Omit all pictures, then repeat the listing exactly.

-------- Records to use --------

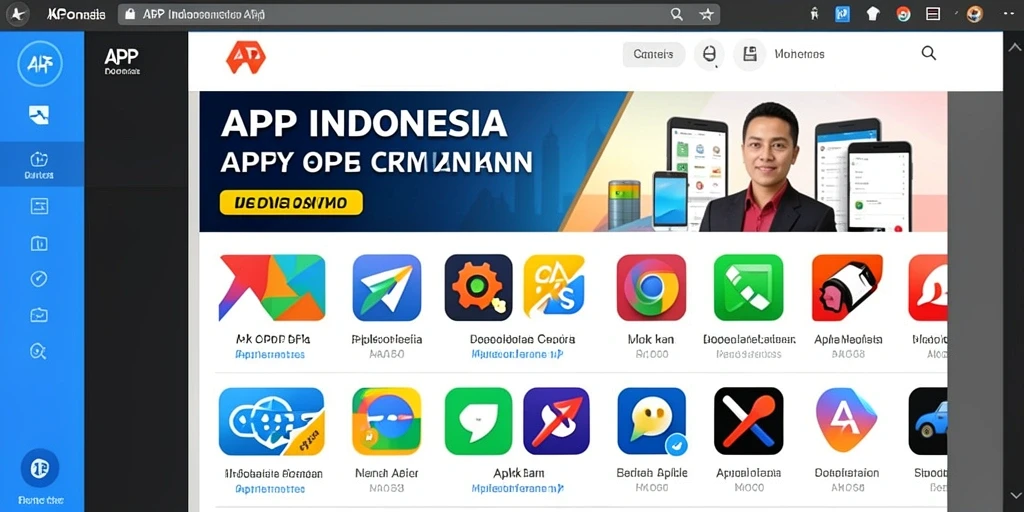 Bonus dan promosi menarik setiap harinya.
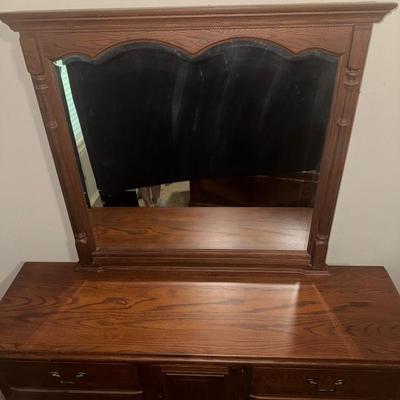 8 Drawer Dresser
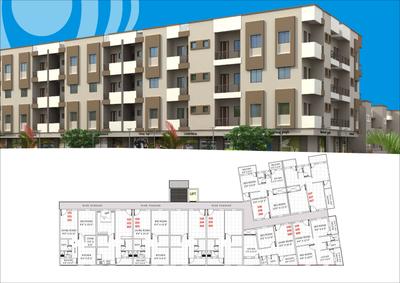 Rameshwar Bunglows Brochure 4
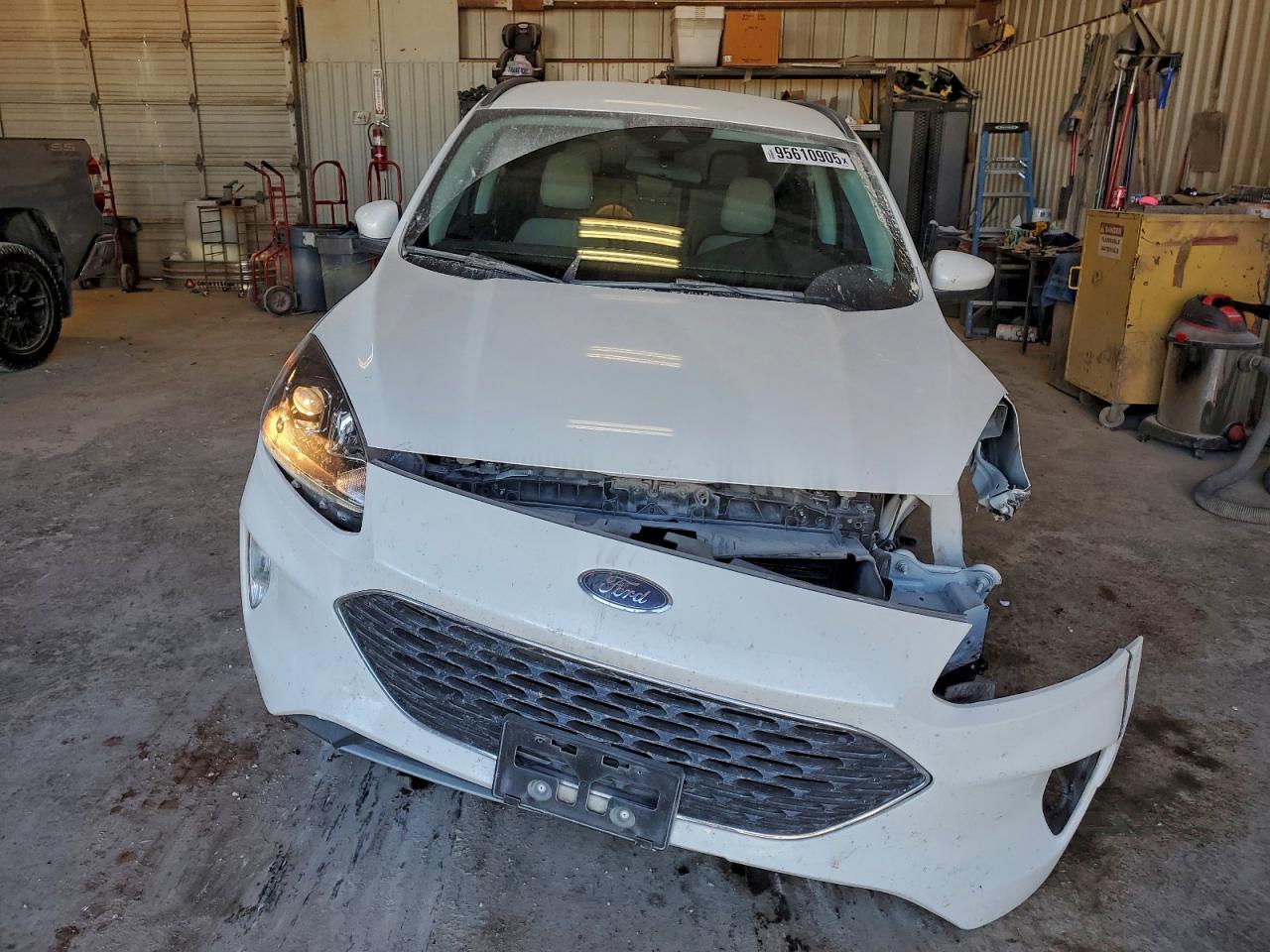 Ford Escape Sel Image 5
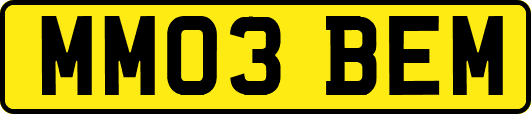 MM03BEM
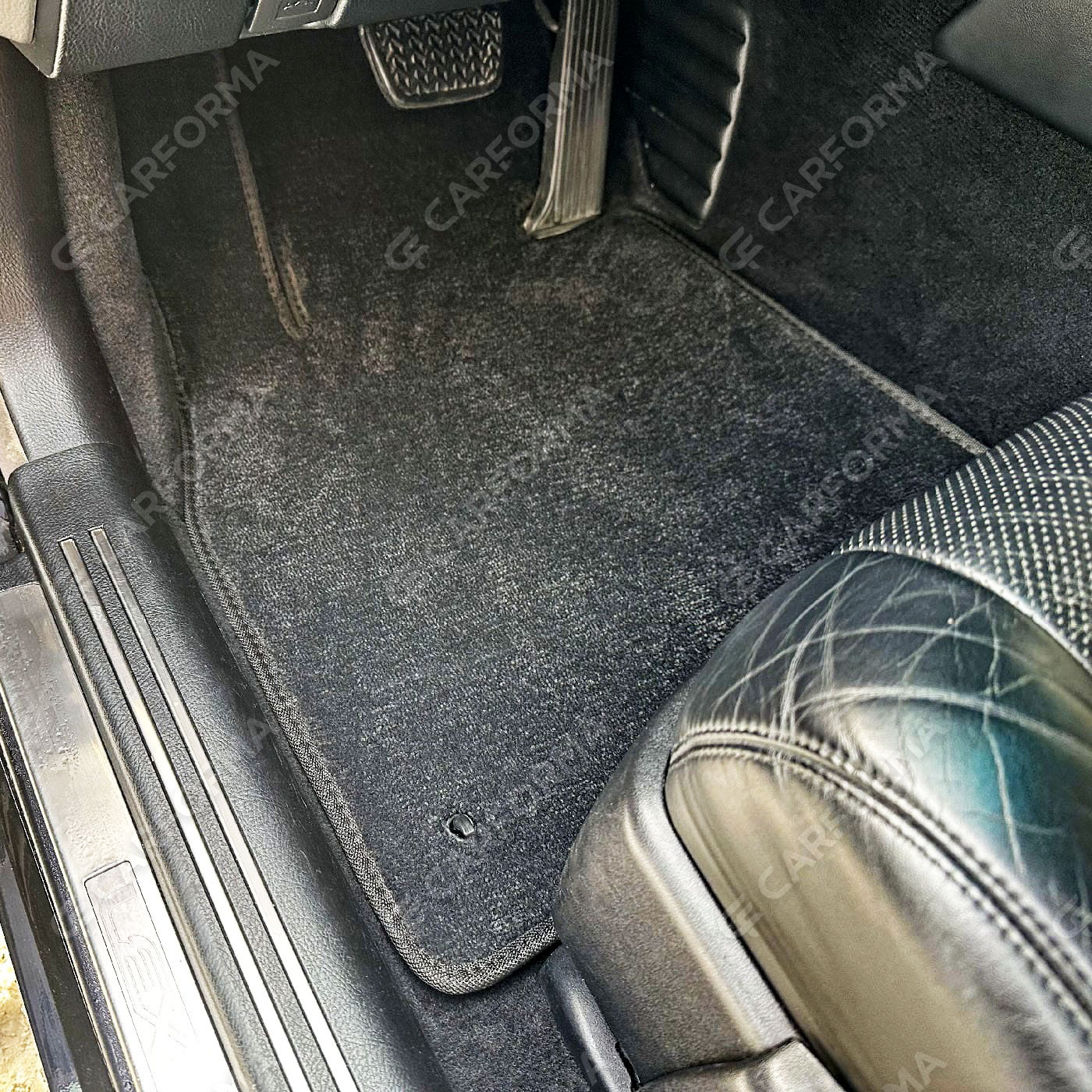 Коврики на Lexus LS IV 2006&nbsp;-&nbsp;2017 в Новороссийске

--------

* **Answer to this exercise**
 Bonus dan promosi menarik setiap harinya.
 8 Drawer Dresser
 Rameshwar Bunglows Brochure 4
 Ford Escape Sel Image 5
 MM03BEM
 Коврики на Lexus LS IV 2006&nbsp;-&nbsp;2017 в Новороссийске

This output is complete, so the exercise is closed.